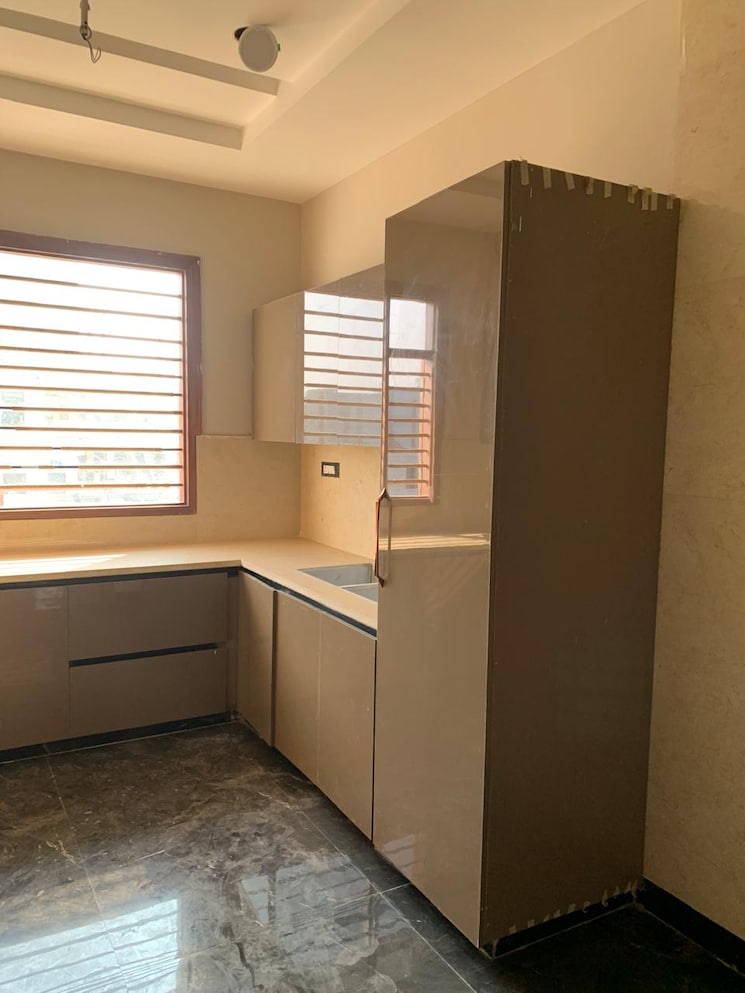 Kitchen, bptp-park-81 3 Bedroom 180 Sq.Ft. Builder Floor In Sector 81 Faridabad 8148563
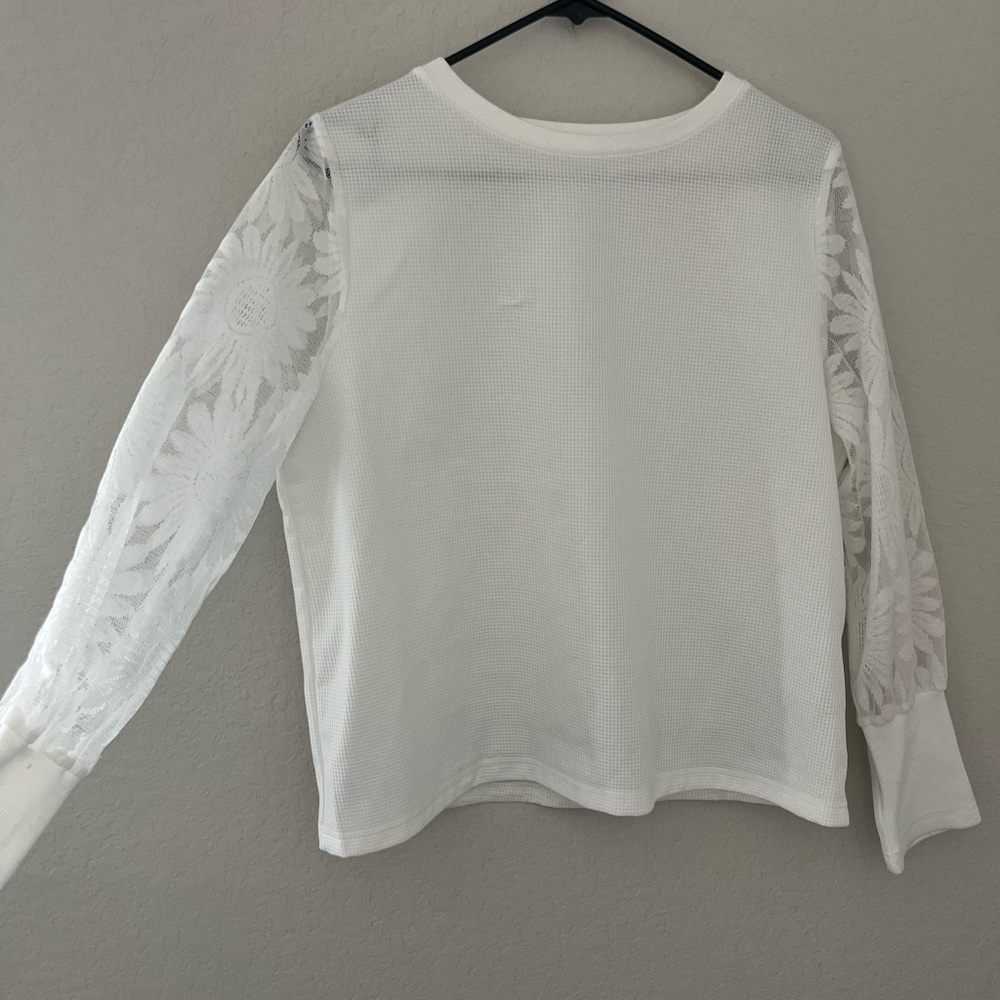 Elegant White Lace Sleeve Women's Top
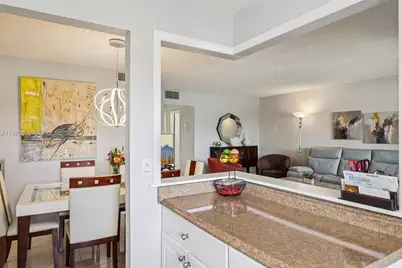 804 SE 7th St #402, Deerfield Beach, FL 33441 - Photo 5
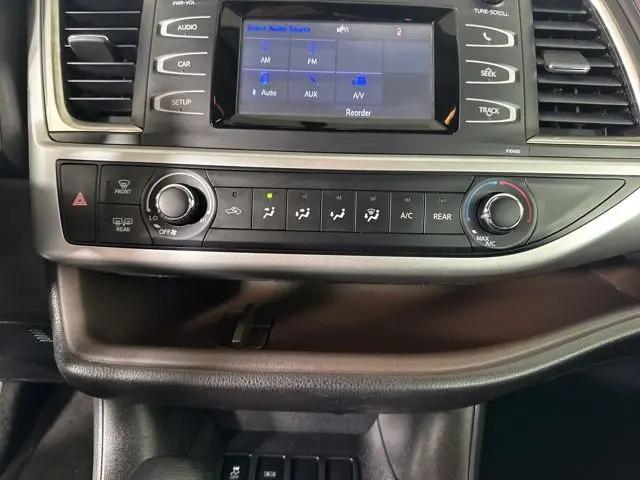 2014 Toyota Highlander LE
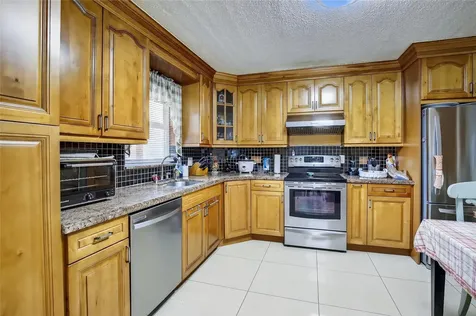 211 S Hollybrook Drive Pembroke Pines FL 33025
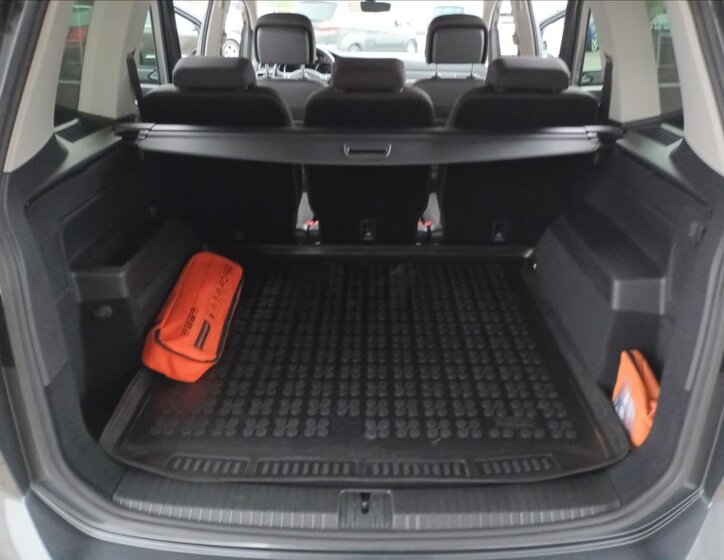 Volkswagen Touran MPV 2,0 l 110 kw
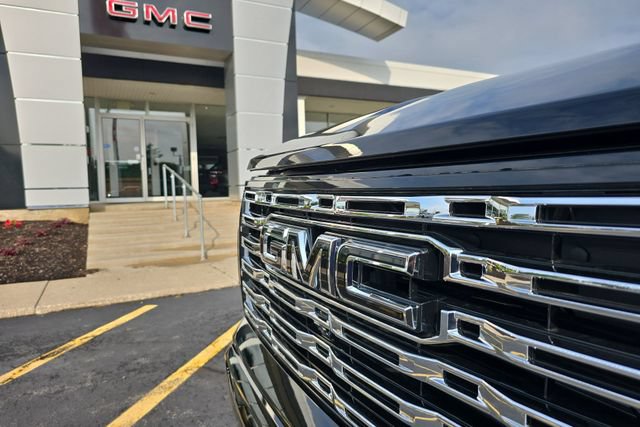 New 2026 GMC Canyon Denali w/ LPO, Denali Black Edition AWD/4WD image 32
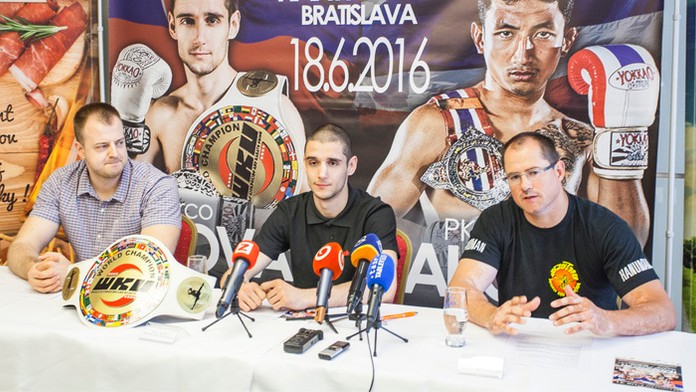 Zľava Rastislav Borsík, boxer Marco Novák a tréner František Starý.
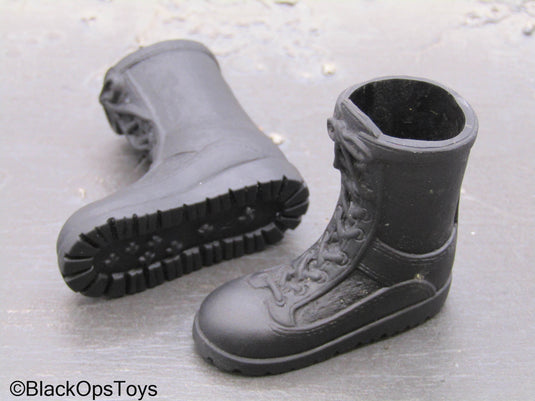 Black Combat Boots (Foot Type)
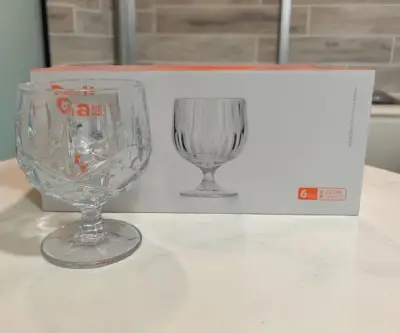 Čaša na stopi 225ml A 1/6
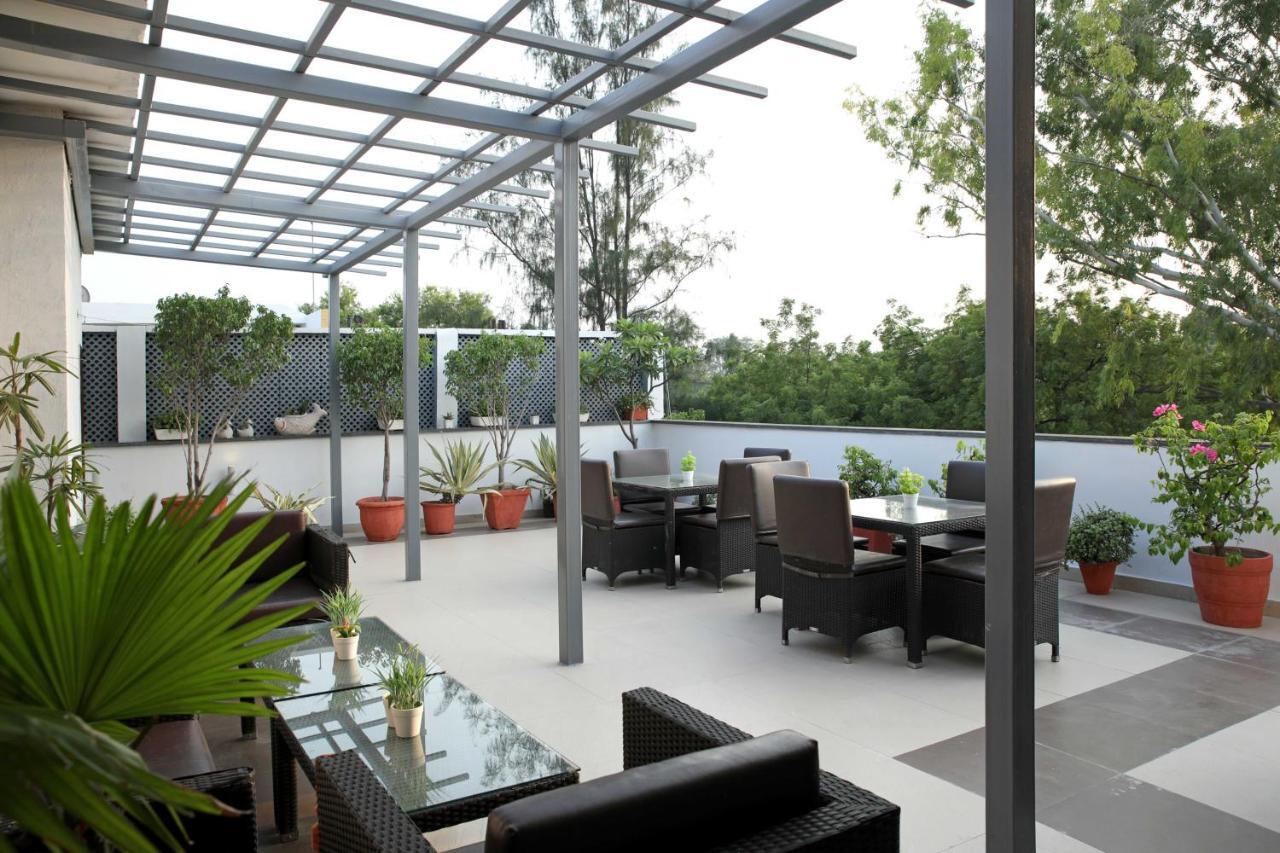 Ahuja Residency Sunder Nagar Hotell New Delhi Exteriör bild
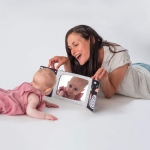 Образователна играчка Taf Toys - Двустранна книжка с огледало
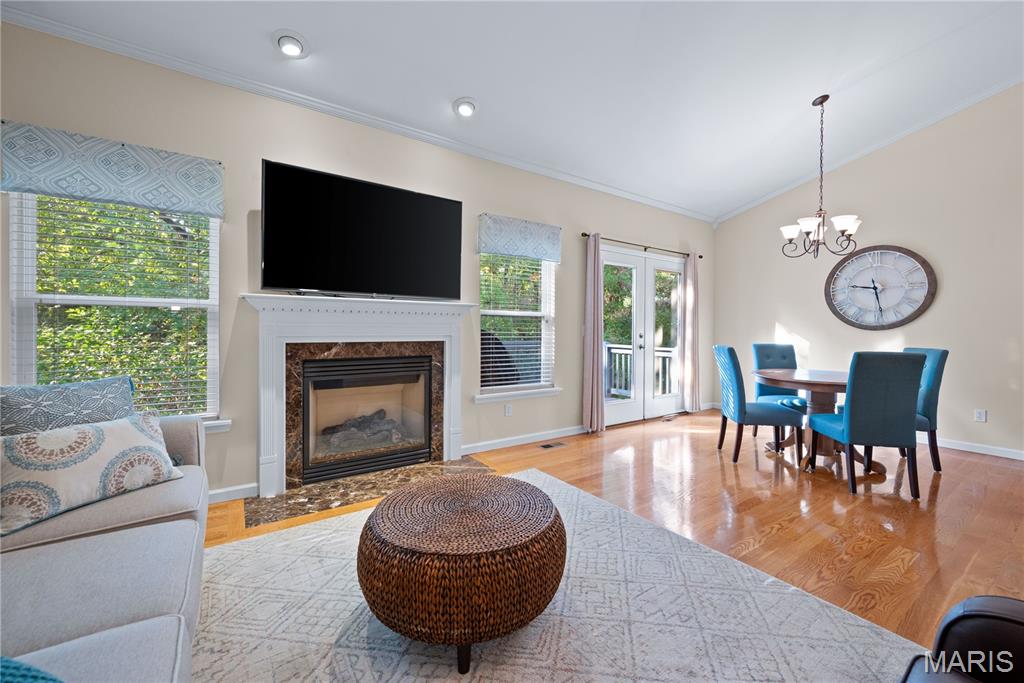 1017 Windsor Crest Ct Court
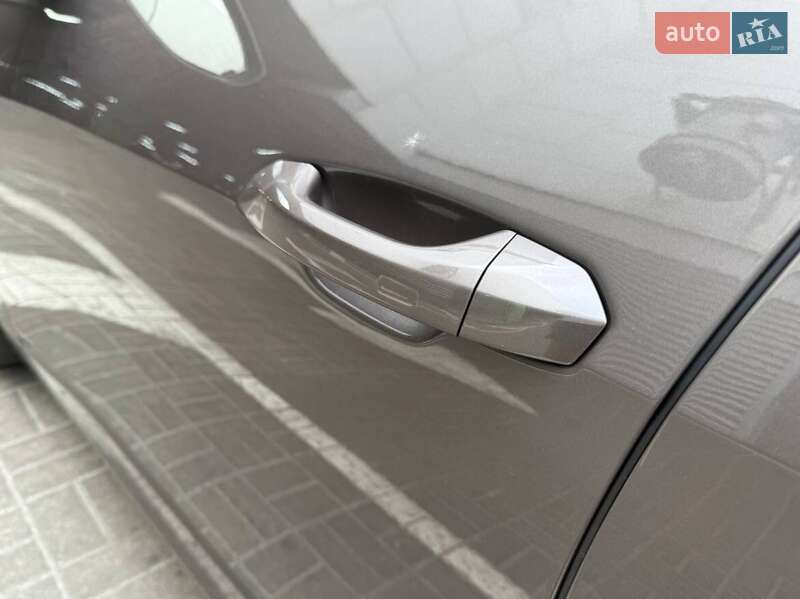 Универсал Audi A6 2018 в Киеве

ACTIVITY: Your copy should consist solely of the lines from the line containing "Ahuja Residency Sunder" through the last line of the records above, reproduced exactly, with the pictures left out.

RESPONSE AREA:
 Ahuja Residency Sunder Nagar Hotell New Delhi Exteriör bild
 Образователна играчка Taf Toys - Двустранна книжка с огледало
 1017 Windsor Crest Ct Court
 Универсал Audi A6 2018 в Киеве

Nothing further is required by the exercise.